Definition: This equation calculates the overall rate of mass transfer in gas-liquid systems considering resistances in both phases and chemical reaction.

Purpose: It helps chemical engineers design and analyze gas-liquid contactors like absorbers, strippers, and reactors.

2. How Does the Calculator Work?

The calculator uses the formula:

\[ r''''_A = \frac{1}{\left(\frac{1}{k_{Ag} \cdot a} + \frac{H_A}{k_{Al} \cdot a \cdot E} + \frac{H_A}{k \cdot f_l \cdot C_{Bl}}\right)} \cdot p_A \]

Where:

\( r''''_A \) — Rate based on volume of contactor (mol/(m³·s))
\( k_{Ag} \) — Gas phase mass transfer coefficient (m/s)
\( a \) — Interfacial area per unit volume (1/m)
\( H_A \) — Henry's law constant (mol/(m³·Pa))
\( k_{Al} \) — Liquid phase mass transfer coefficient (m/s)
\( E \) — Liquid film enhancement factor (dimensionless)
\( k \) — Rate constant for fluid-fluid reactions (mol/(m³·s))
\( f_l \) — Fraction of liquid (dimensionless)
\( C_{Bl} \) — Concentration of liquid B (mol/m³)
\( p_A \) — Partial pressure of reactant A (Pa)

Explanation: The equation combines resistances from gas film, liquid film, and chemical reaction to determine the overall mass transfer rate.

3. Importance of Mass Transfer Rate Calculation

Details: Accurate rate calculation is crucial for designing efficient contactors, optimizing reaction conditions, and predicting system performance.

4. Using the Calculator

Tips: Enter all required parameters with appropriate units. Default values are provided for reference.

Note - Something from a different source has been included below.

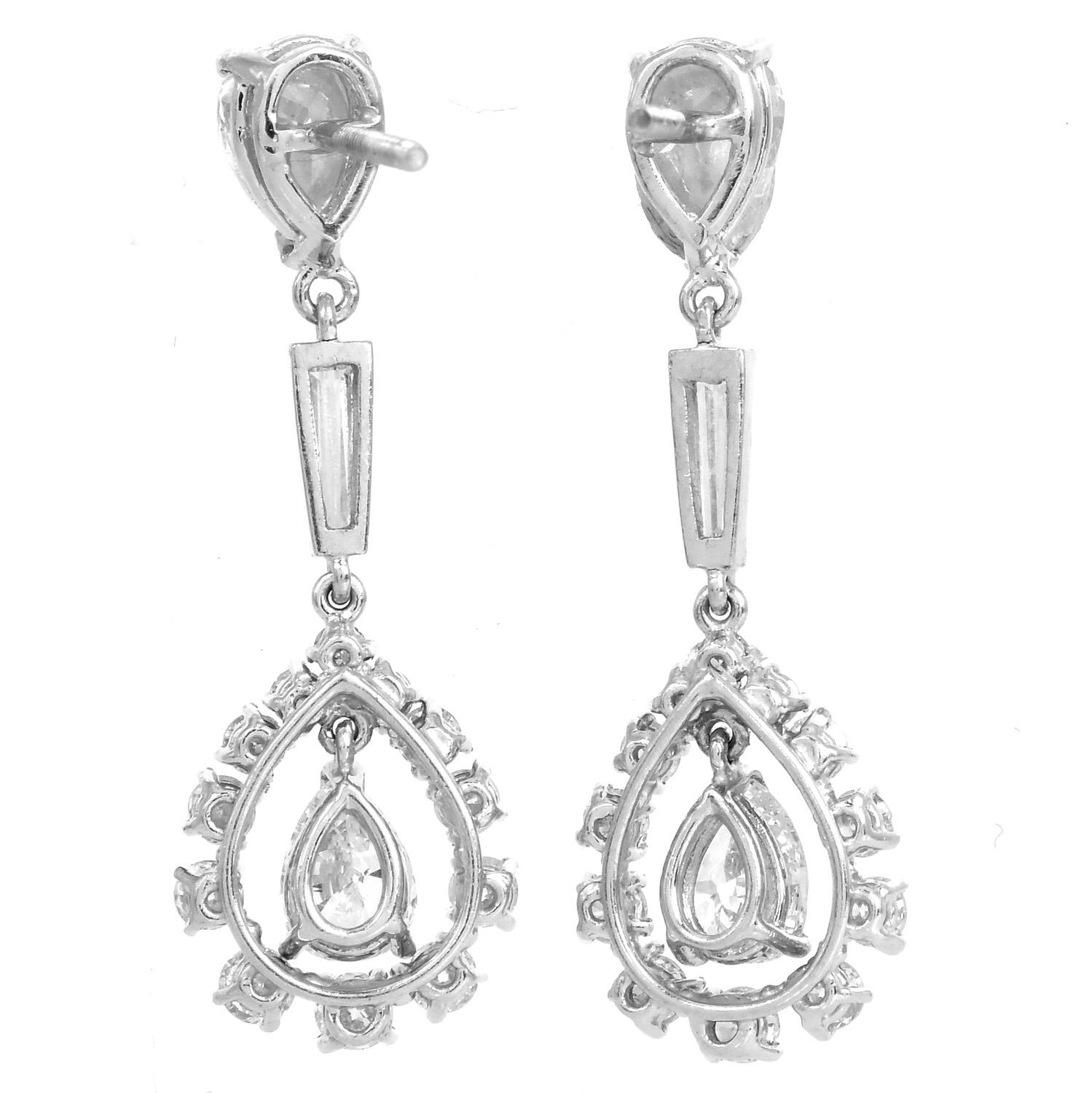 1980er Jahre Tropfenohrringe mit birnenförmigem Diamant-Platin-Blumen Halo Damen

All values must be positive.

5. Frequently Asked Questions (FAQ)

Q1: What is the physical meaning of the enhancement factor (E)?
A: The enhancement factor accounts for how chemical reaction increases the mass transfer rate beyond pure physical absorption.

Q2: How do I determine the interfacial area (a)?
A: This depends on the contactor type and can be estimated from equipment specifications or correlations.

Q3: When can I neglect the reaction term in the denominator?
A: When the reaction is very fast compared to mass transfer (k → ∞), the reaction term becomes negligible.

Q4: What's a typical range for Henry's law constant?
A: H_A varies widely (10^-5 to 10³ mol/(m³·Pa)) depending on the gas and solvent.

Q5: How does temperature affect the calculation?
A: Temperature affects k_Ag, k_Al, H_A, and k. Use values appropriate for your operating temperature.